Yeah, Eric Warren Singer's draft refitted the story into a seventies, cold war setting. A tact perhaps conceived to avoid any Interview style political fallout. Though it might well just be a product of the writer not finding a modern setting credible. Ultimately it was tossed out I suspect, because it wasn't very good.

ScriptShadow reviewed it a few weeks back, but I managed to get a hold of a copy for myself (PM me and if you're curious to read it). While it's not terrible, which is to say it's perfectly competent, and I can appreciate the attempts made to streamline the book's many plot threads, and deal with some of its issues, it's just not compelling. In the end it's guilty of the capitol crime of being boring.

To break it down though:

Act one’s pretty solid. Introduces the main players with economy and definition, while managing to construct a compelling action sequence early on that knows how to ratchet up the tension without blowing its wad.

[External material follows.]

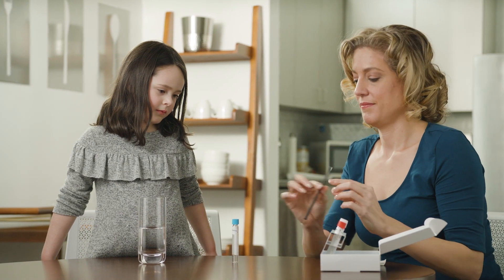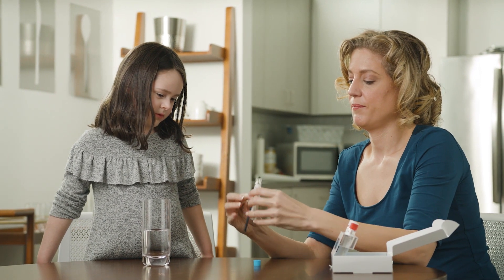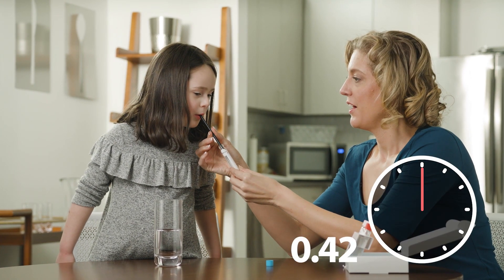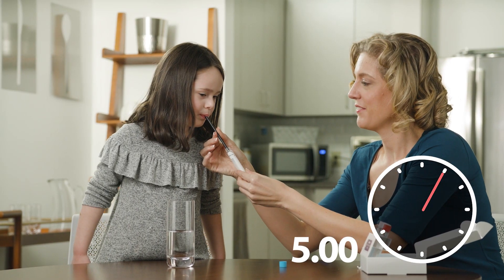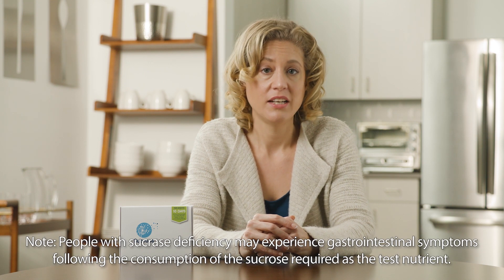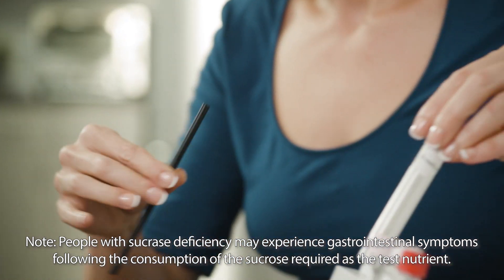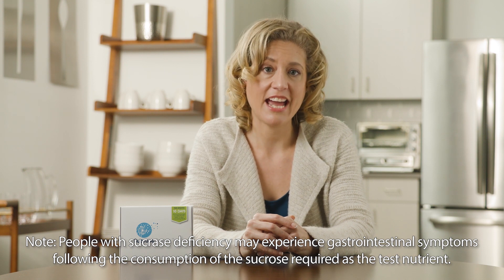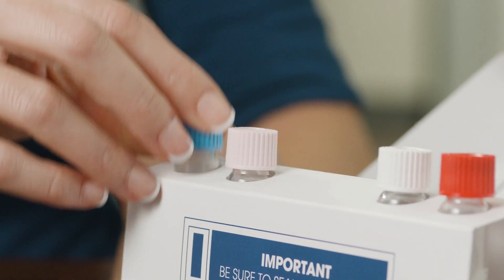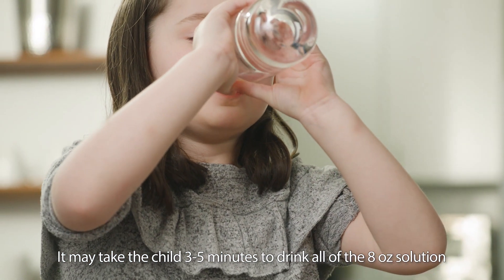Take the first test tube labeled baseline out of the kit and remove the cap. Unwrap the collection straw and insert it halfway into the test tube. Blow through the straw into the test tube for 3 to 5 seconds until you see condensation build up on the walls of the tube. Be sure to breathe normally prior to blowing through the straw — do not inhale deeply. Quickly cap the test tube, securing it tightly. If you cannot replace the cap on the tube within 5 seconds, start the breath collection again and cap the tube. Place the tube back into its slot. Drink all of the sucrose solution that you prepared earlier immediately upon completion of the baseline tube.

Singer also strips away the grotesque caricature’s Matthew’s applied to the Russians, without diminishing their menace, and displays a far greater respect for Dominika as a human being, beyond simple admiration for her physical attributes and talents, even if he ultimately (and frustratingly) sidelines her.

Honestly, I was starting to think this was yet another half-witted review by ScriptShadow, and that we had perhaps been denied a properly good spy flick. Then I got into act two…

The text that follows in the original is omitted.